Cultura

Cannes 2026 – Nagi Notes, la recensione: il cinema del silenzio che dimentica di parlare

Volendo partire da ciò che è visibile, possiamo sicuramente dire che c’è una certa continuità tematica e stilistica nel cinema del regista giapponese Koji Fukada. Innamorato del cinema di Éric Rohmer, quello di Fukada è un cinema prevalentemente di riprese fisse, interessato più ai momenti di dialogo che all’incedere deciso dell’intreccio, ossessionato dall’asfissiante dramma da interni di personaggi che non riescono a esprimere la propria emotività — una castrazione sentimentale che parla di una crisi identitaria —, afflitti da perdite e gravi assenze. Come in Love Life, anche in Nagi Notes Fukada si conferma però attratto dallo stesso pericoloso limite: quello di chi costruisce tra il film e i suoi spettatori un invalicabile muro di incomunicabilità.

Scultura, lutto e distanza: il peso di ciò che manca


Nagi Notes è un film interamente costruito per assenze e su distanze, deciso a trovare il suo interesse nell’evocare ciò che visibile invece non è. La prima e più evidente distanza è quella geografica: la Nagi del titolo è infatti un’isolata cittadina di campagna dove, valigia alla mano, vediamo arrivare — con evidenti abiti cittadini — la protagonista Yuri (Shizuka Ishibashi), un’architetta aliena a quel paesaggio, che si trova lì per fare da modella all’ex cognata e scultrice Yoriko (Takako Matsu), la quale invece si mantiene allevando bestiame. Ad accompagnare la permanenza di Yuri e il suo progressivo riavvicinamento con un luogo del passato ci sono anche due giovani adolescenti vicini di casa e un timido annunciatore della radio locale — afflitti da altri fantasmi —, a conferma dell’interesse di Fukada per conformazioni familiari non convenzionali e della sua volontà di raccontare gli abissi emotivi che spesso separano chi condivide lo stesso tetto.

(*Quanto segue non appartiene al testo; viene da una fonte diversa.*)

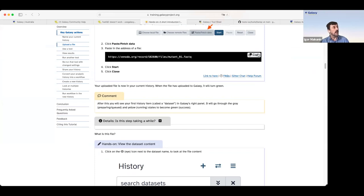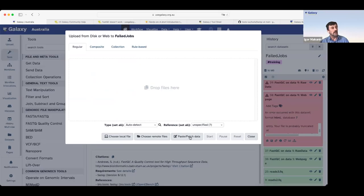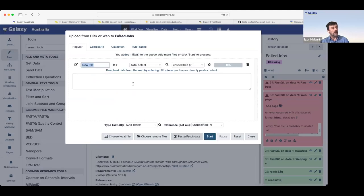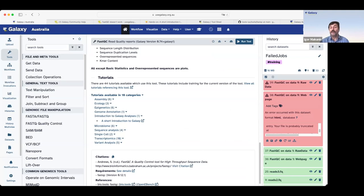go to Galaxy, click on upload menu, switch to paste which data, paste the link, and click start. So you will get test data, and you can try the tool, preferably with default settings, with this small dataset.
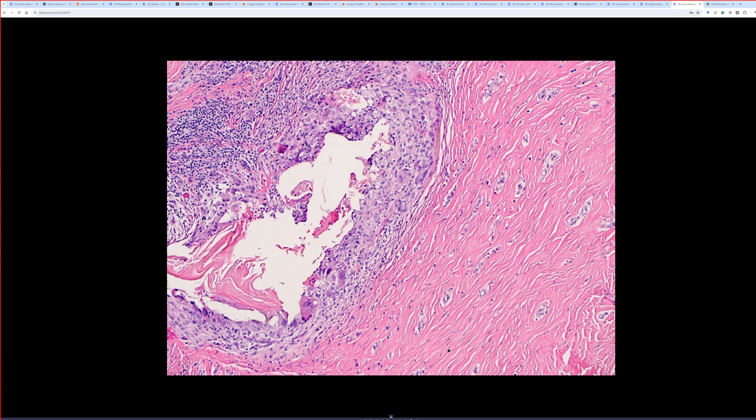So that is acne keloidalis nuchae. If you don't know the clinical context for sure, you can just be descriptive. If I had this and they didn't give me any information, I would describe it and say this could be a ruptured cyst or follicle, but in the right clinical setting this could represent acne keloidalis nuchae — you have to correlate with the clinical dermatologic exam findings.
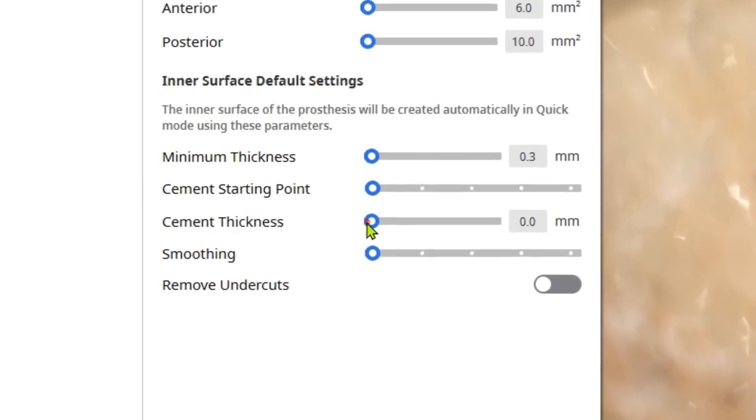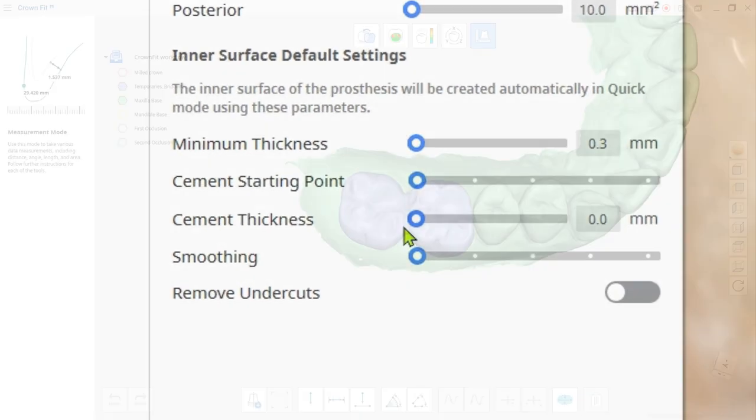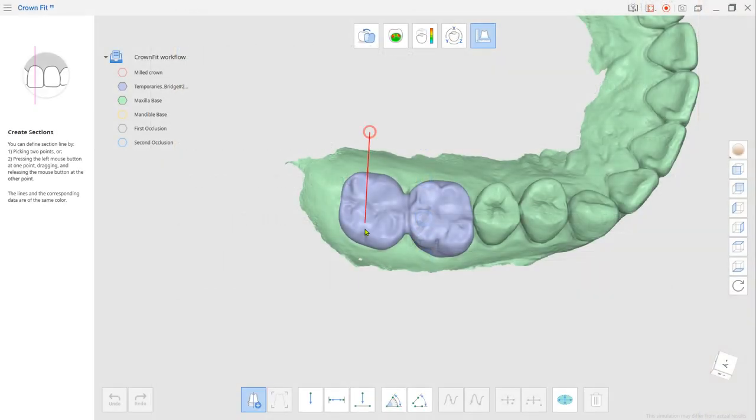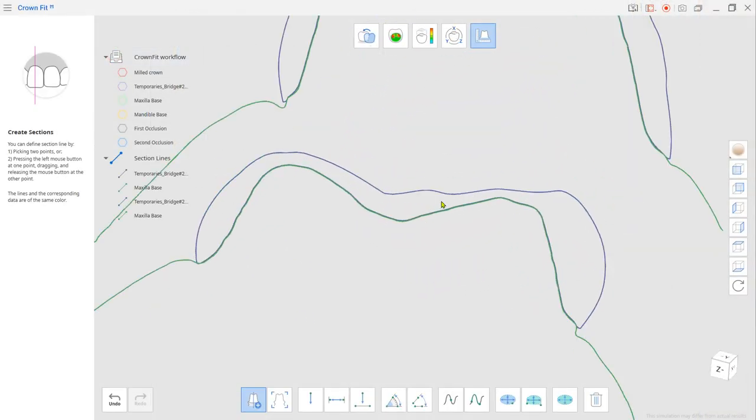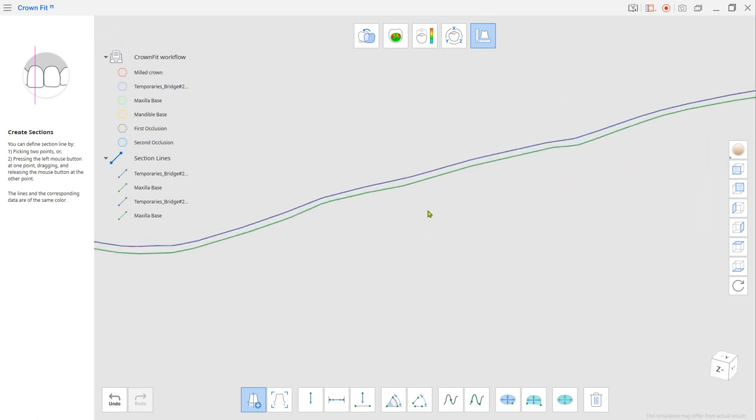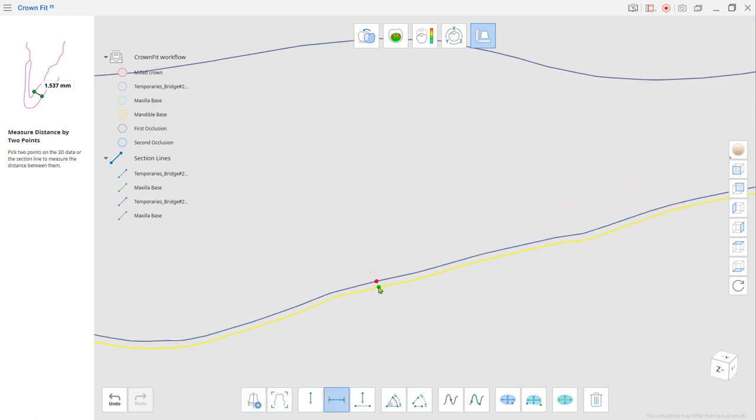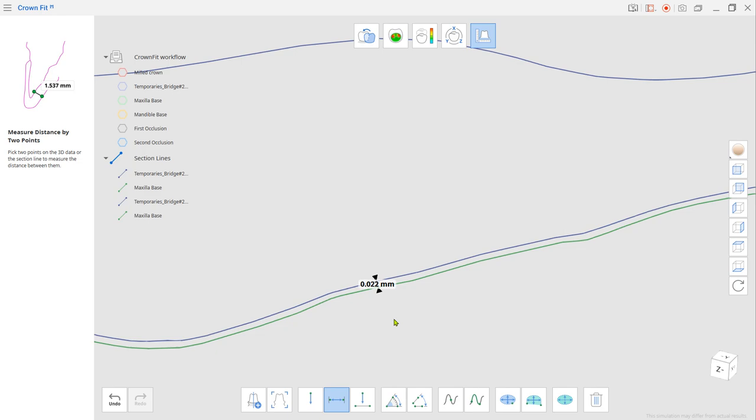Note, even though you put zero on the cement thickness, the crown still will have about 20 micrometer gap in between, which will be acceptable when checking the internal fit for most cases.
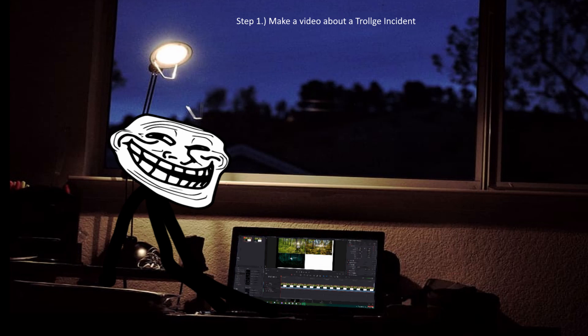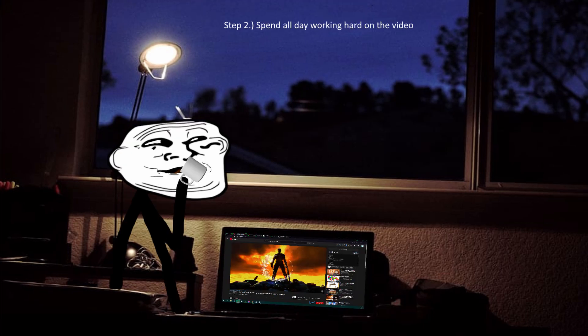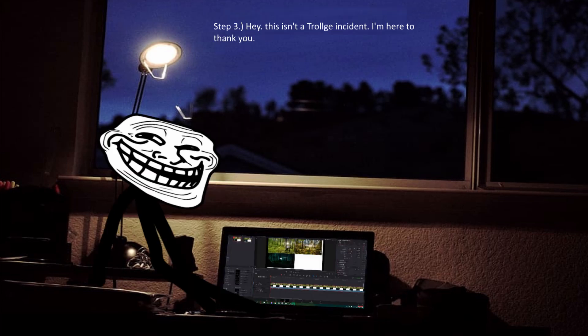Step 1. Make a video about a trolling incident. Step 2. Spend all day working hard on the video. Step 3. Hey. This isn't a trolling incident. I'm here to thank you.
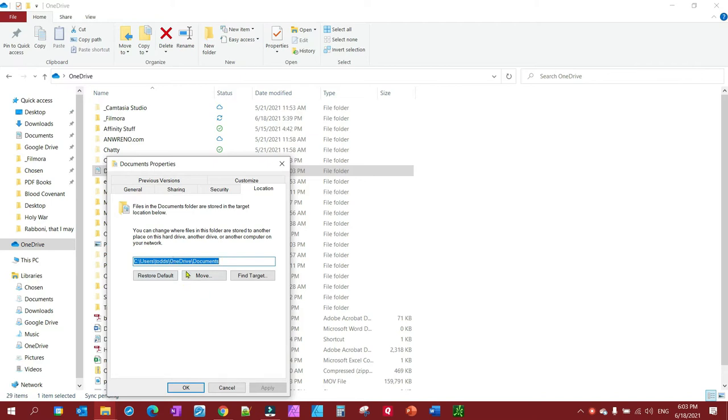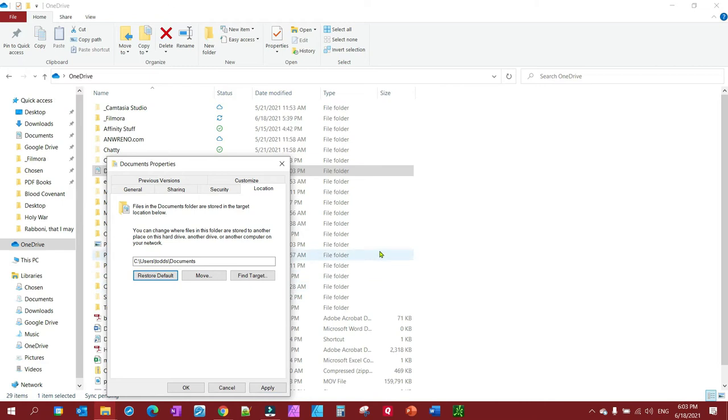So just click on restore defaults. It removes OneDrive from the location, then you will click apply and then there'll be two or three yes prompts you'll need to do and then you click OK and that's all there is to it.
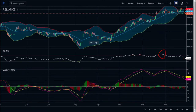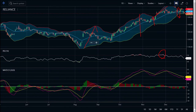Looking at Bollinger Bands, there has been a contraction. As you can see, there was a wide expansion at this stage and at this stage, but there was a mid contraction here which made the share price spike up. But again it has bulged and the price has fallen down. Now it is in contraction mode, which is a positive sign.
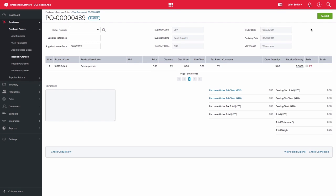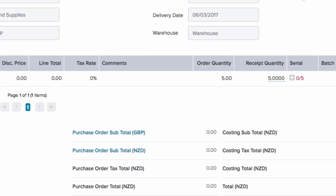Here we have a purchase order for our deluxe peanuts, which is a serial tracked item. When we receipt it, it will indicate that the five products are serial tracked and it will appear in red in the serial column.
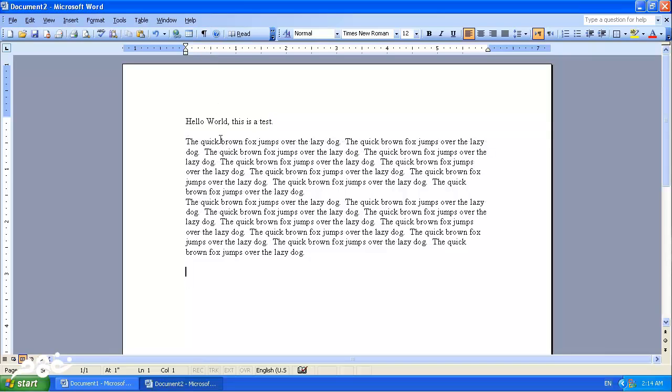How do we insert words between existing text? One way we can do that is by moving the mouse to wherever we want and clicking once, and then start typing.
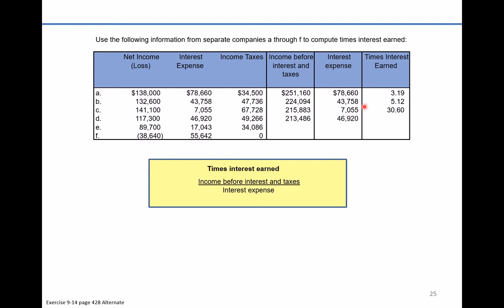Company D: $213,486 divided by $46,920 for a 4.55 coverage ratio. Company E: $140,829 divided by $17,043 for an 8.26 coverage.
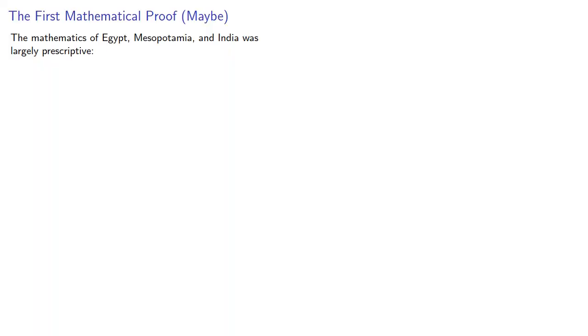The mathematics of Egypt, Mesopotamia, and India was largely prescriptive. Do these things to find an answer.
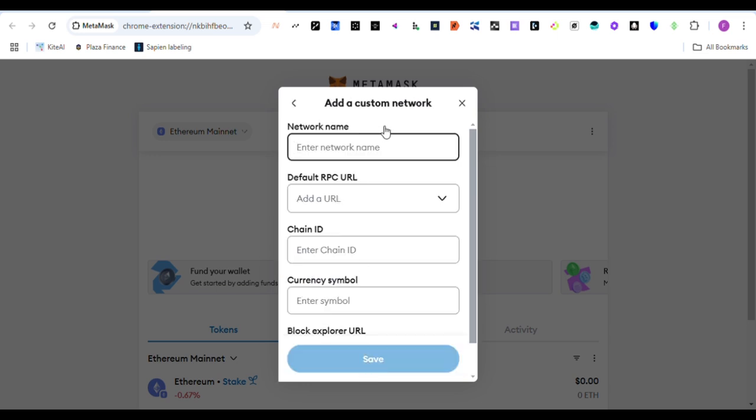Once you click on add custom network here, you give the name of the network, which is Monad. We write Monad testnet. This is Monad testnet.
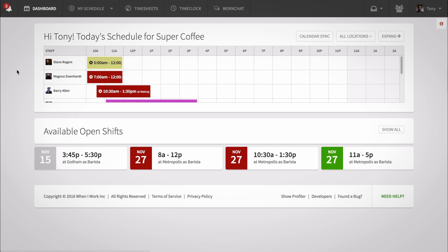Dropping a shift removes the shift from your schedule to another coworker completely, whereas swapping a shift will replace your current shift with a different one.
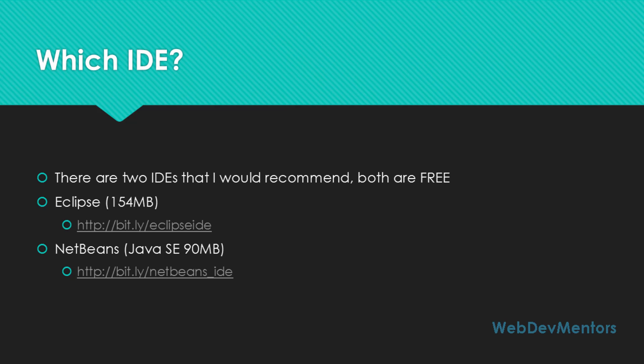You can use the links. I've used Bitly in order to reduce the size of the link. It's bit.ly/eclipseIDE for Eclipse and bit.ly/netbeans_IDE for NetBeans. You can see the difference in sizes. It's 154 MB for Eclipse and 90 MB for NetBeans. You can download that and keep it ready.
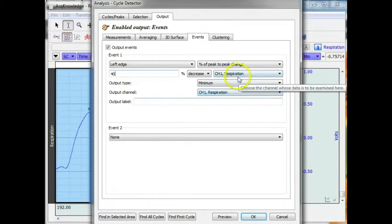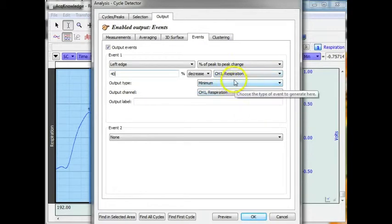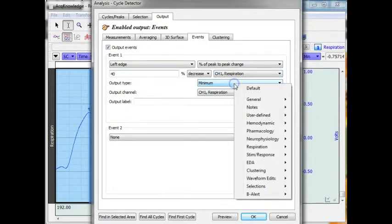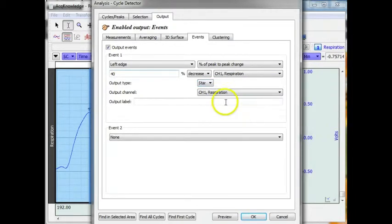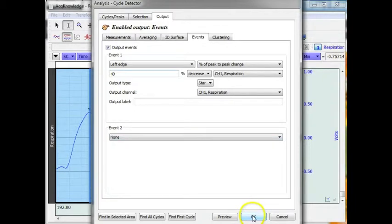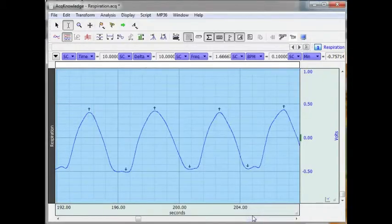And I am going to mark it with a star. I am going to mark it on the respiration signal. I am going to hit OK.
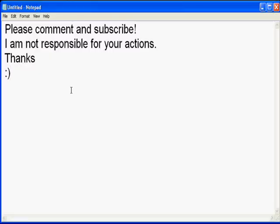There we're done for this video. Now thank you and please comment and subscribe, and remember I am not responsible for your actions. See you in the next video.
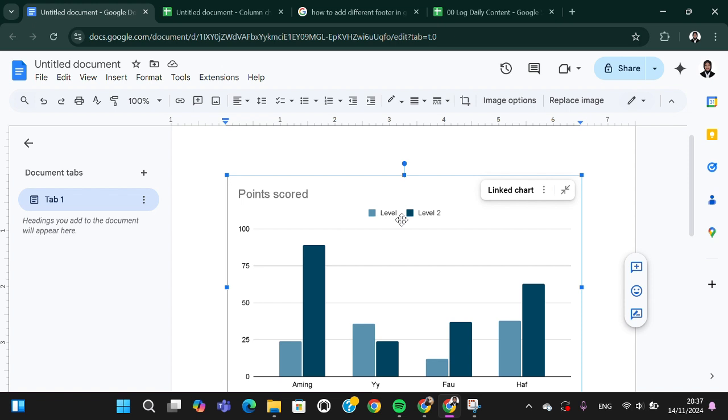So that's all the way to edit chart in Google Docs. I hope this video will be useful for you. Thank you so much for watching and bye.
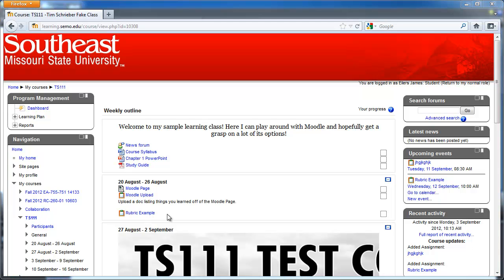The first thing you need to do is go to the course page, which is for this example TS-111, and then you need to click on the assignment, which for this is a rubric example.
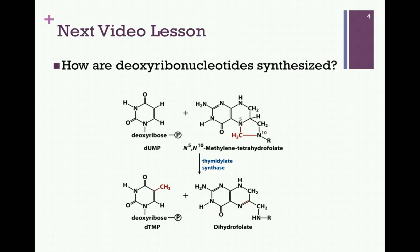In this and in the previous lesson, we saw how purine and pyrimidine ribonucleotides are synthesized. In our next lesson, we want to see how we can generate deoxyribonucleotides.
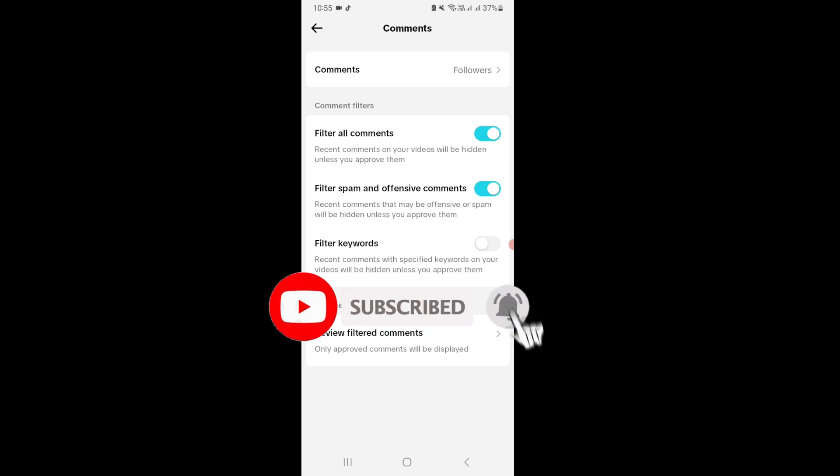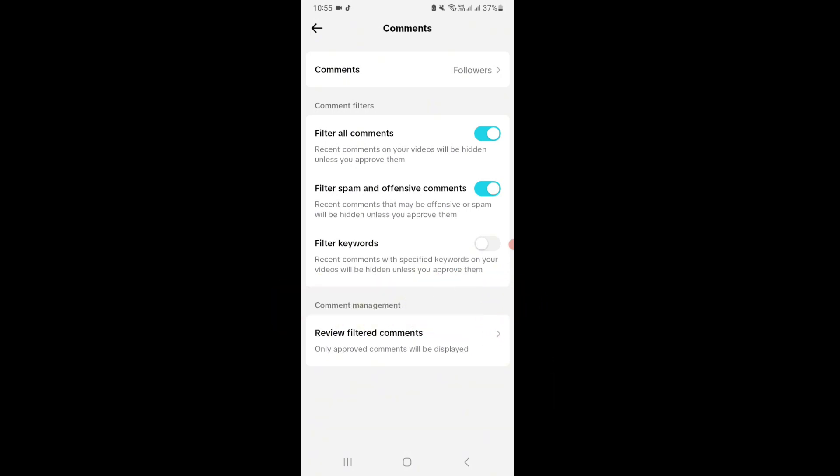For more updates, click the bell icon too so you'll know when we post a new video. We'll be back with another video soon. Thanks for watching.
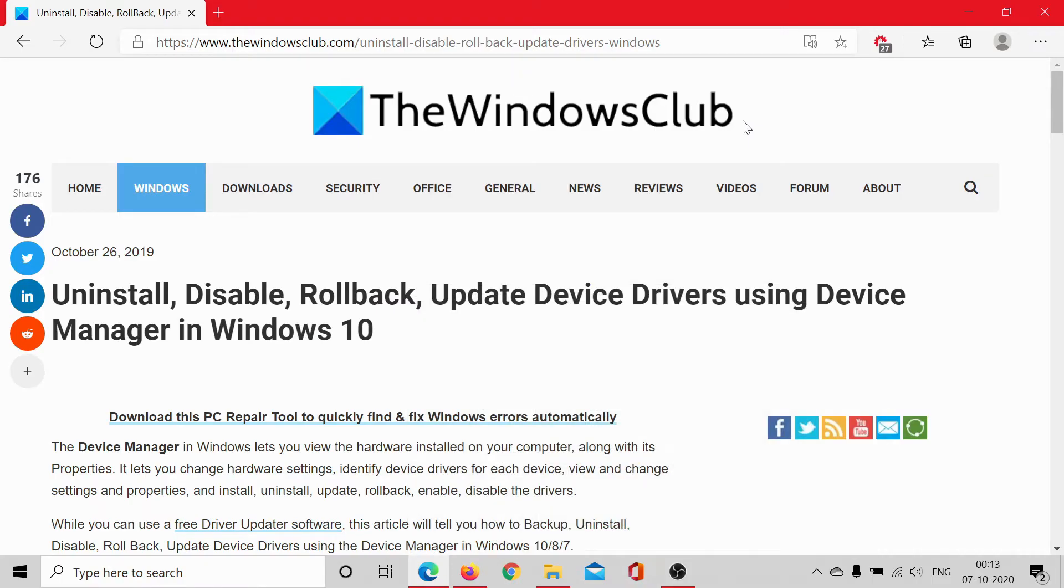Welcome to The Windows Club. Device drivers are the connections between the hardware and the software in a system.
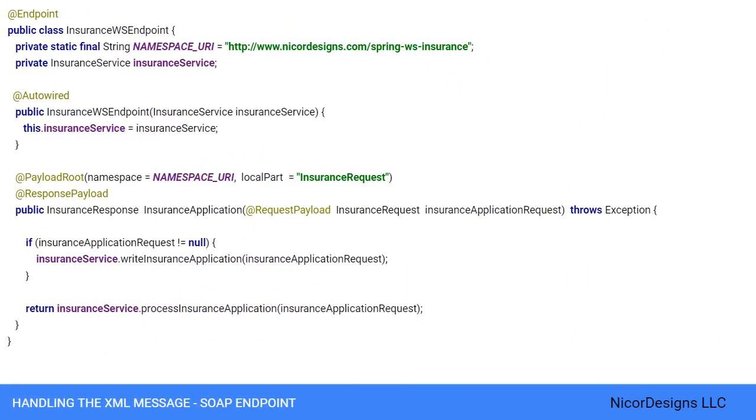Now looking at our actual insurance web service endpoint class. As we can see, it is annotated with @Endpoint. This marks it as an @Component type suitable for handling XML messages in Spring web services and makes it eligible for component scanning.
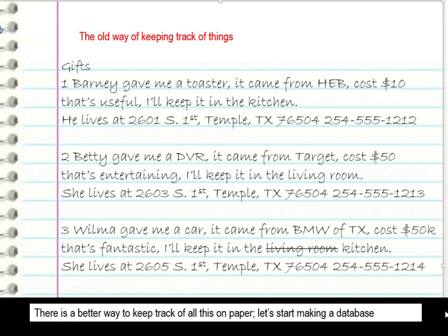The old way of keeping track of things — there is a better way to keep track of all of this on paper.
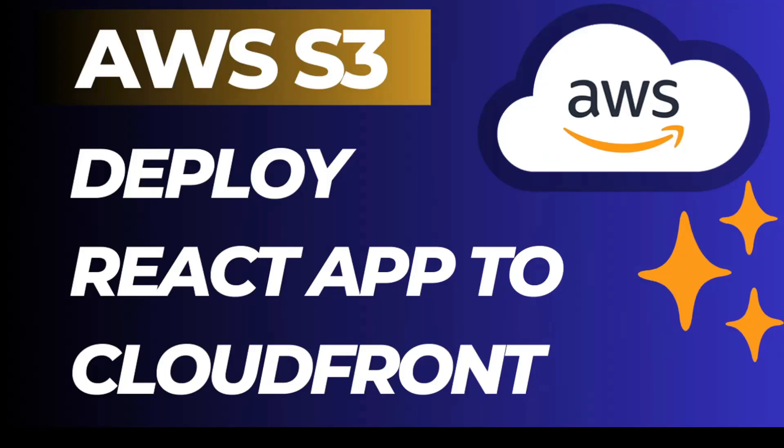Hello and welcome to the Coders Legacy channel. In today's video, we'll explore how to deploy a React application to AWS CloudFront.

Fukada usa suoni e oggetti nel tentativo di dare una fisicità e una presenza all’angosciante scorrere del tempo — materializzato in calendari a strappo che ci dicono che giorno è — e soprattutto di dare sostanza al peso di altre drammatiche assenze: quelle dei lutti, degli abbandoni, della negazione dei propri intimi desideri e della propria espressione sessuale. Accompagnate dagli annunci della radio locale e dalle lontane detonazioni della base militare ai margini del paese, Yuri e Yoriko sembrano aggrapparsi alla quotidianità delle loro sedute scultoree per cercare di dare una forma concreta — fatta di argilla e poi di legno — alla loro interiorità, mentre Fukada affida ciecamente al feticcio scultoreo di Yuri (e all’idea di creazione artistica) l’enorme responsabilità di farsi metafora di un processo di accettazione collettiva che invece ha contorni sfumati ed erranti.

Il film che parla di tutto senza dire niente


Occupato a evocare un po’ di tutto, alla fine Nagi Notes non arriva mai a parlare davvero di niente. Oltre ad circondarli di oggetti e ad affogarli in fiumi di parole, Fukada si dimentica infatti di raccontare i suoi personaggi per immagini — ovvero di fare lui stesso con la macchina da presa quello che Yoriko fa con la scultura — e di attuare un cambio di prospettiva rispetto a ciò da cui era partito. E così la già annunciata difficoltà di un dramma tutto incentrato su ciò che è invisibile fatica parecchio a mantenere l’interesse di chi guarda, ormai troppo distante e disincantato per curarsi di una supposta risoluzione emotiva che arriva, ancora, solo a parole.